- Length: 8.3 mi (13.4 km)
- Location: Teton Range
- Trailheads: Valley Trail Granite Canyon Trail
- Use: Hiking
- Elevation change: Approximate gain of 2,500 ft (760 m)
- Highest point: Mount Hunt Divide, 9,698 ft (2,956 m)
- Lowest point: Valley Trail, 7,200 ft (2,200 m)
- Difficulty: Strenuous
- Season: Summer to Fall
- Sights: Teton Range
- Hazards: Severe weather

= Open Canyon Trail =

Hiking trail in Wyoming, United States

The Open Canyon Trail is a 8.3 mi long hiking trail in Grand Teton National Park in the U.S. state of Wyoming.
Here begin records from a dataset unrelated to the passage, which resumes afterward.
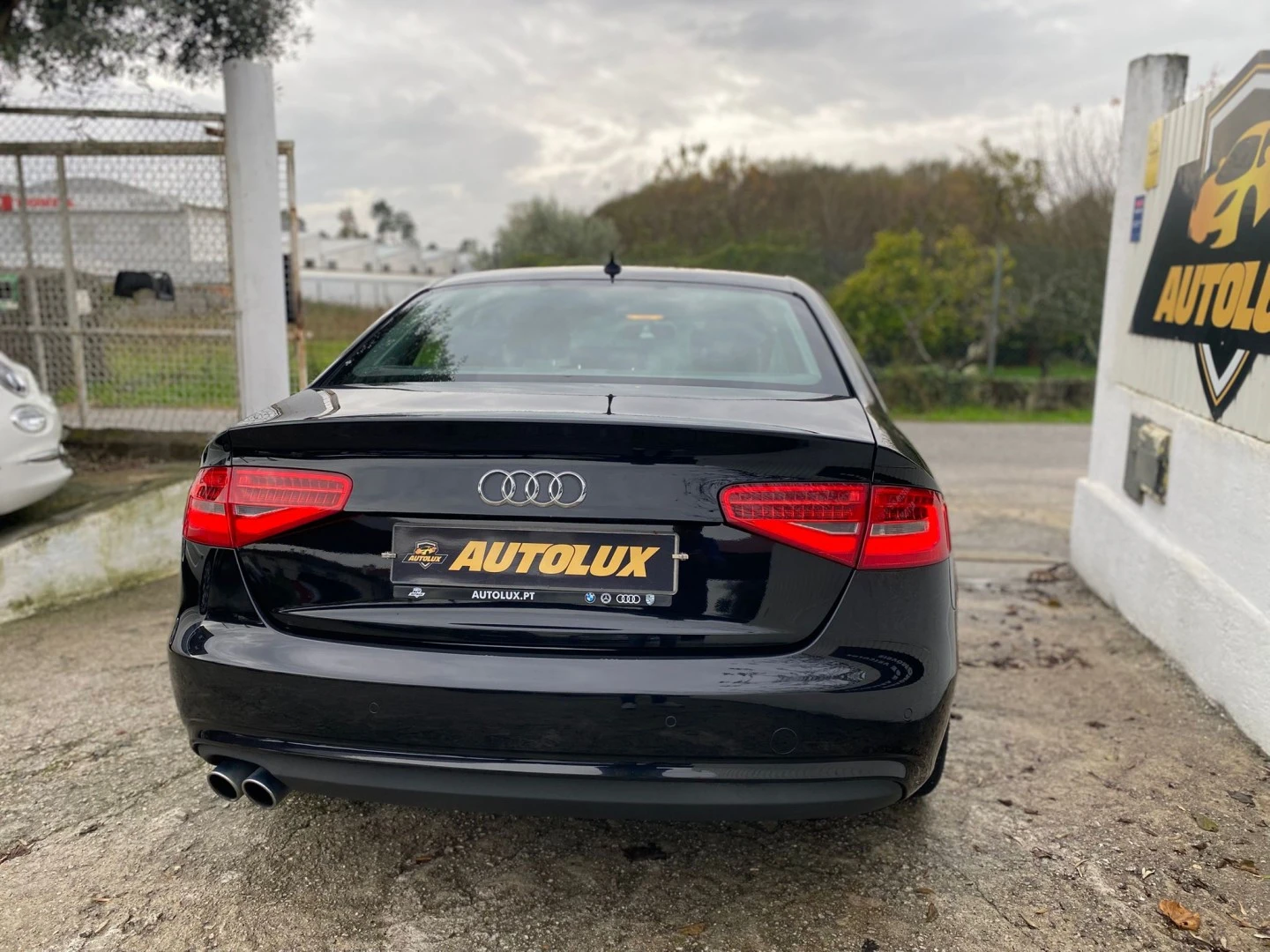 Audi A4 2.0 TDI DPF clean diesel S line Sport Pack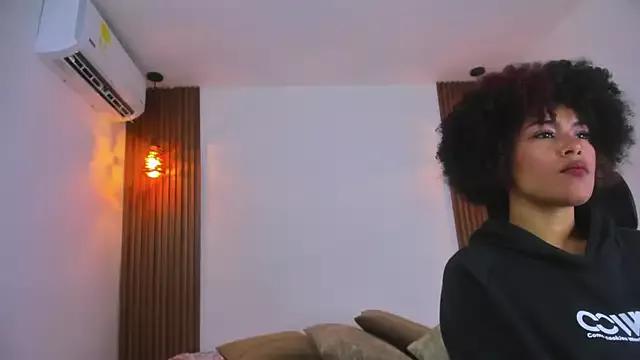 delaylacruz from StripChat is Freechat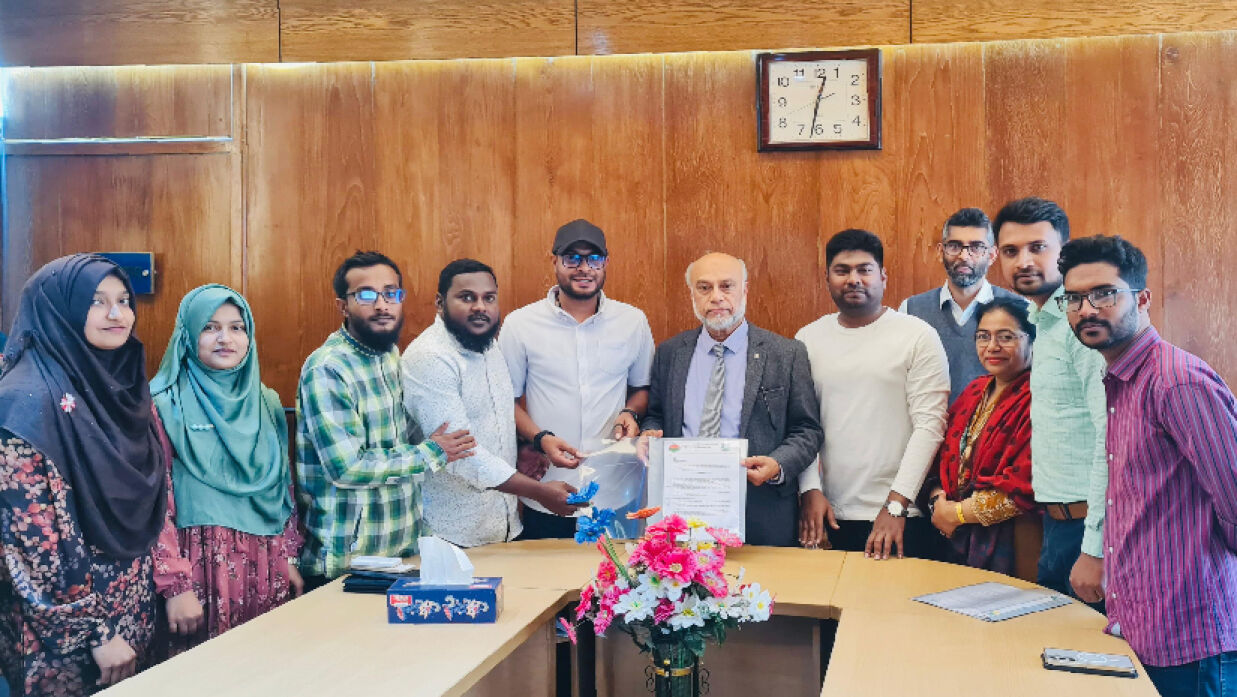 উপাচার্যকে স্মারকলিপি দিচ্ছে বাকৃবি ছাত্রদল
The trail begins at a junction with the Valley Trail and is most easily accessed with a 3 mi hike on the Valley Trail from the trailhead near the White Grass Ranger Station Historic District. From there the trail heads west from Phelps Lake to Mount Hunt Divide and then descends into Granite Canyon. The trail traverses the entire length of Open Canyon. Indian Lake and Coyote Lake as well as Mount Hunt can also be reached from the trail but each require off trail navigation to access. There are two different camping zones in the canyon which are available by permit.